##### Listed entries

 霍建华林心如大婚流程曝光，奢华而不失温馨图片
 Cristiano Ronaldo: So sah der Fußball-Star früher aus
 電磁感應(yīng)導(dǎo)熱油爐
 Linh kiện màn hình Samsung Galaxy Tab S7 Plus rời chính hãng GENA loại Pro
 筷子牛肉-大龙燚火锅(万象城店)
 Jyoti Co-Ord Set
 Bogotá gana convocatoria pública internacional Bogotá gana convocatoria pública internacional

##########
##### Listed entries

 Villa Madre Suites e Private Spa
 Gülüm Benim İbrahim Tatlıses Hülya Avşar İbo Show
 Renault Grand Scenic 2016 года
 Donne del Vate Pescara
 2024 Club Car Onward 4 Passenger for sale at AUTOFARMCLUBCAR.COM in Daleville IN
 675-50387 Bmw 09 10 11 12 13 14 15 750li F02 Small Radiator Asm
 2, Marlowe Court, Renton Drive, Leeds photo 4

##########
##### Listed entries

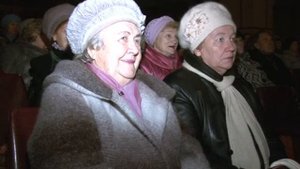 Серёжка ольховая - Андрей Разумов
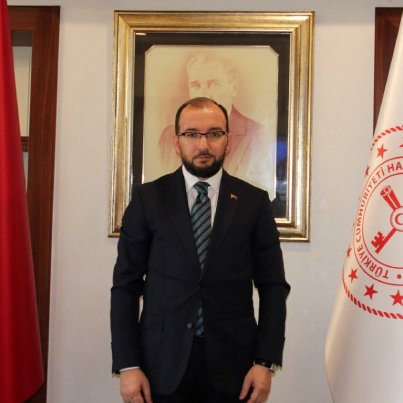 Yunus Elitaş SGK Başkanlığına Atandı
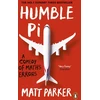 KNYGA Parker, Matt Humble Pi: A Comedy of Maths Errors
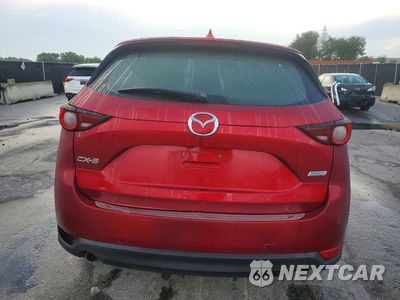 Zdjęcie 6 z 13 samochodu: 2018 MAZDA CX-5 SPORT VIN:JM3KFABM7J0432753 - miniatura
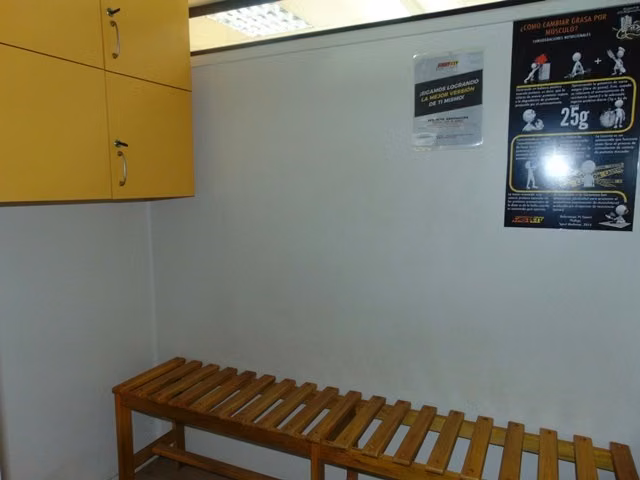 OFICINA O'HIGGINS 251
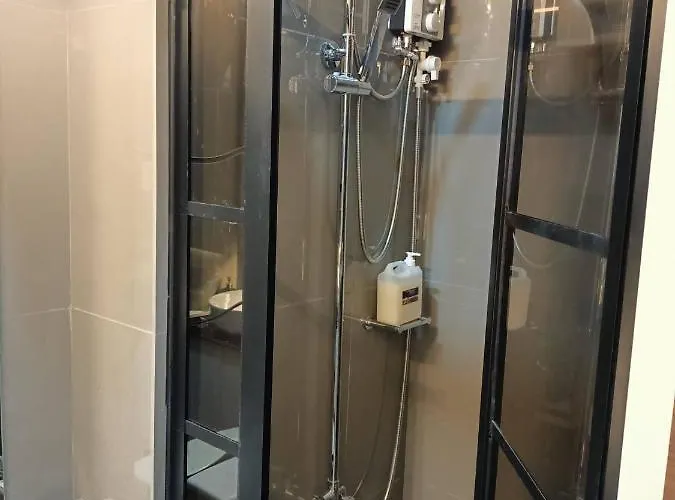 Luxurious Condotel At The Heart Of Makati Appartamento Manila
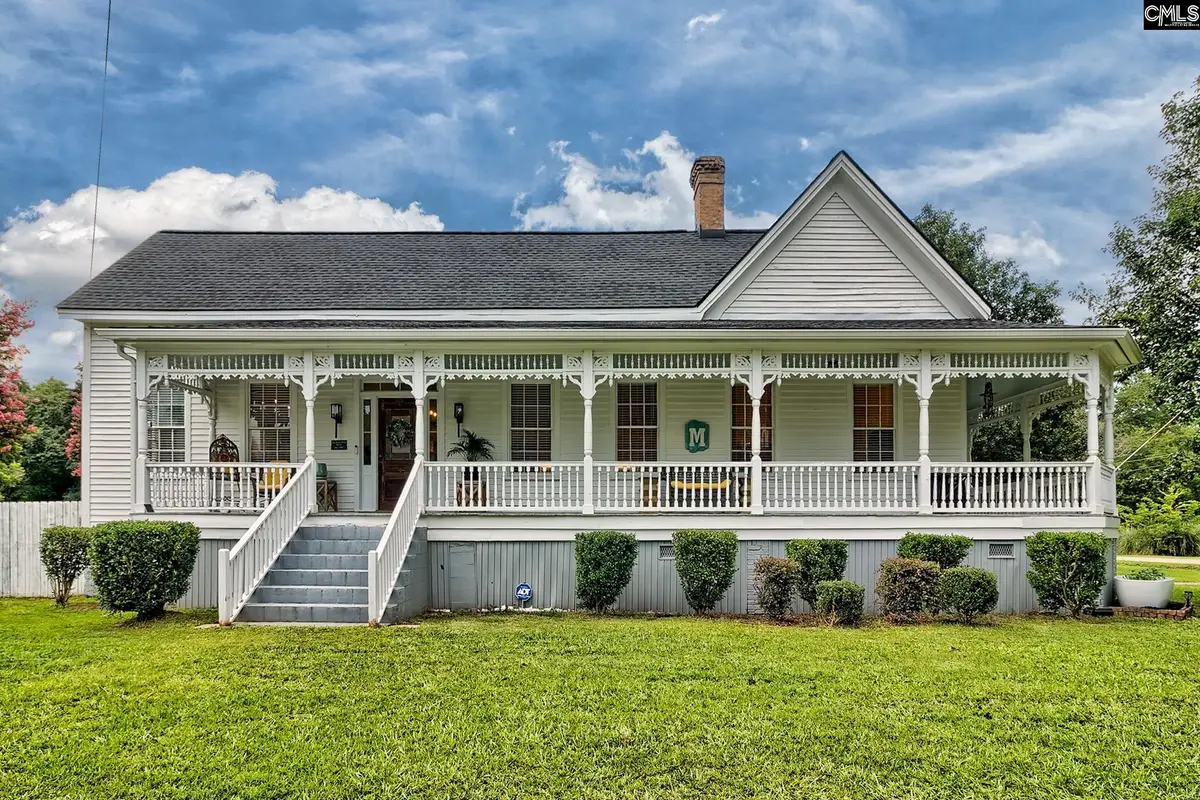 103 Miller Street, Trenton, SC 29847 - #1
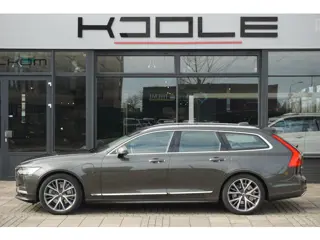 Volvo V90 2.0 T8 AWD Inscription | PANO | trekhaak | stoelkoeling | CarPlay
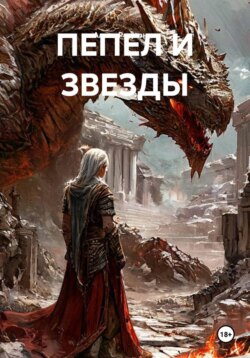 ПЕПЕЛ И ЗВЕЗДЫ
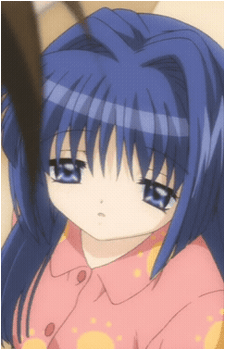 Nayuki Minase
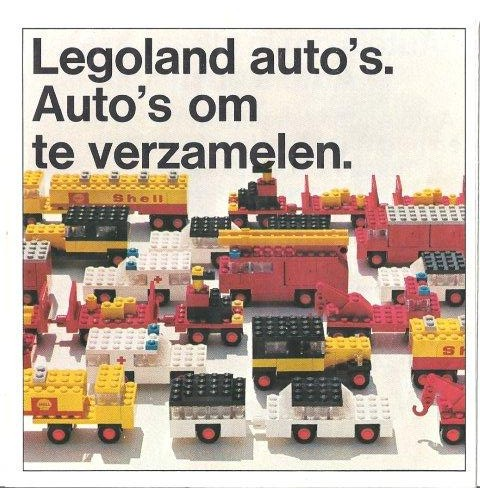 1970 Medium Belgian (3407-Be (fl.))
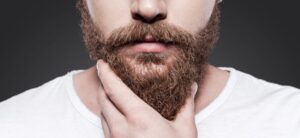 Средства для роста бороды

##########

(Instructions for the task) Look above for the line with "霍建华林心如大婚流程曝光，奢华而不失温馨图片" and the line with "Bogotá gana convocatoria pública internacional Bogotá"; transcribe both and all lines in between, exactly, and nothing else.

(Solution)
 霍建华林心如大婚流程曝光，奢华而不失温馨图片
 Cristiano Ronaldo: So sah der Fußball-Star früher aus
 電磁感應(yīng)導(dǎo)熱油爐
 Linh kiện màn hình Samsung Galaxy Tab S7 Plus rời chính hãng GENA loại Pro
 筷子牛肉-大龙燚火锅(万象城店)
 Jyoti Co-Ord Set
 Bogotá gana convocatoria pública internacional Bogotá gana convocatoria pública internacional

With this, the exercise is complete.